[antlr-interest] lexing expression ('a'..'z')+ not matching single character input

Wed Dec 13 09:53:16 PST 2006

Thanks to everyone for the replies.

At risk of permanently offending the entire mailing list, i'll include 
the grammar file in its entirety (since I feel it's far more likely I'm 
missing something than there is a genuine bug in ANTLR).

The input text is a sequence format for carbohydrate structures, some 
samples follow. "Identifiers" in this grammar are always lower-case, and 
adhere to the grammar "('a'-'z')+ ('-' ('a'-'z')+)*".
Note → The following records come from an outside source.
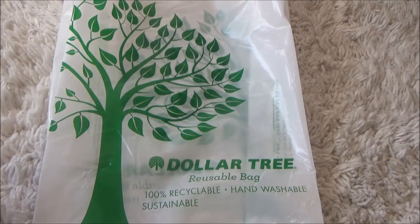Hey everybody, welcome back to my channel! Today I have some goodies that I picked up at the Dollar Tree. They have been a little slow with bringing stuff, but they've put out a couple new things I hadn't seen before, so that's why I'm coming to share what I found.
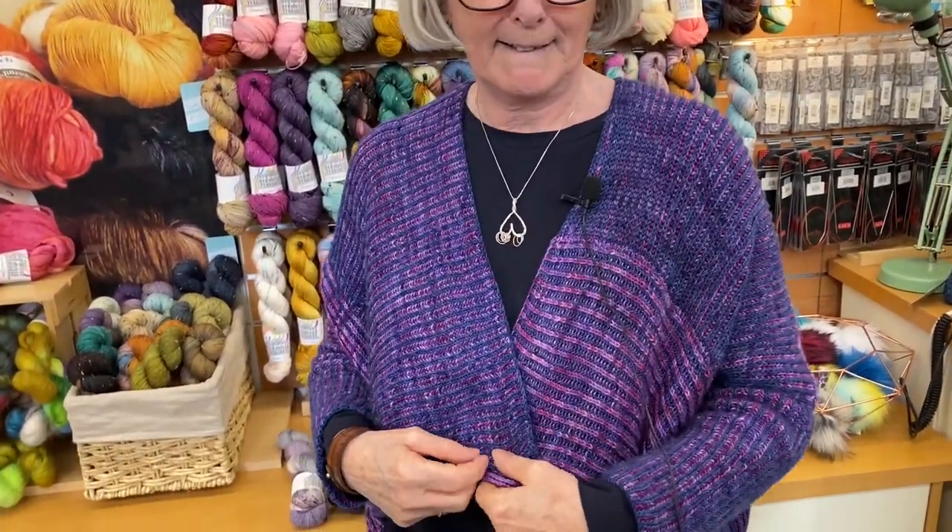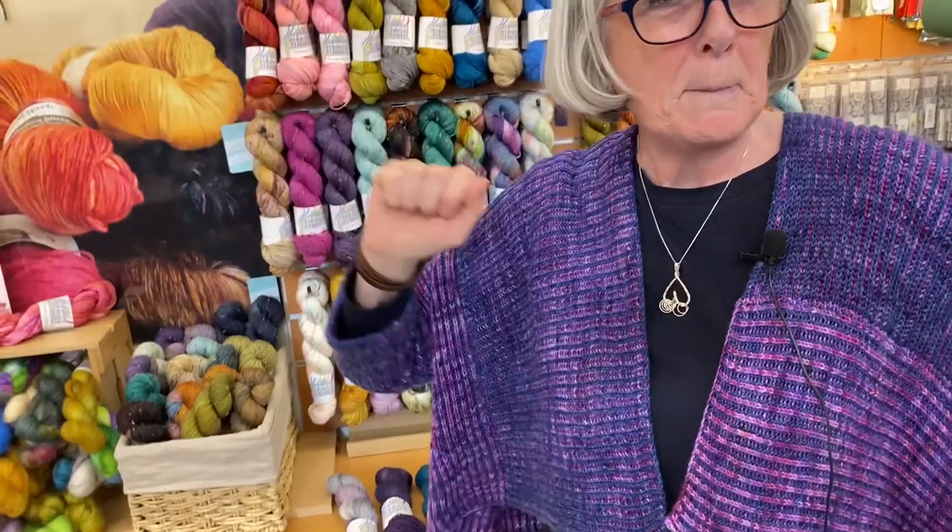Hi, it's Joy and this is Knit in the Paris Court Townhouse Centre again. Today I want to introduce you to my gorgeous Aretha cardigan by Philippa Carniero.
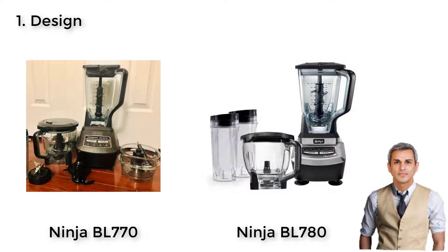However, in our opinion, we would prefer the less bulky model, which is Ninja Blender BL-780.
These sequences parse without problems:

"RES 1b:a-dara-hex-2:5|2:keto;"

"RES 1b:a-dara-hex-1:5|2:d|6:d;"

"RES 1b:a-dglc-hex-1:5;2s:lactone; LIN 1:1d(3-6)2o;"

"RES 1b:a-dgro-dgal-non-2:6|1:a|2:keto|3:d;1s:glycolyl; LIN 1:1o(5-1)2d;

These sequences have ids that contain single chars and fail to  parse. 
I've included the error and a javac-style context marker '^'.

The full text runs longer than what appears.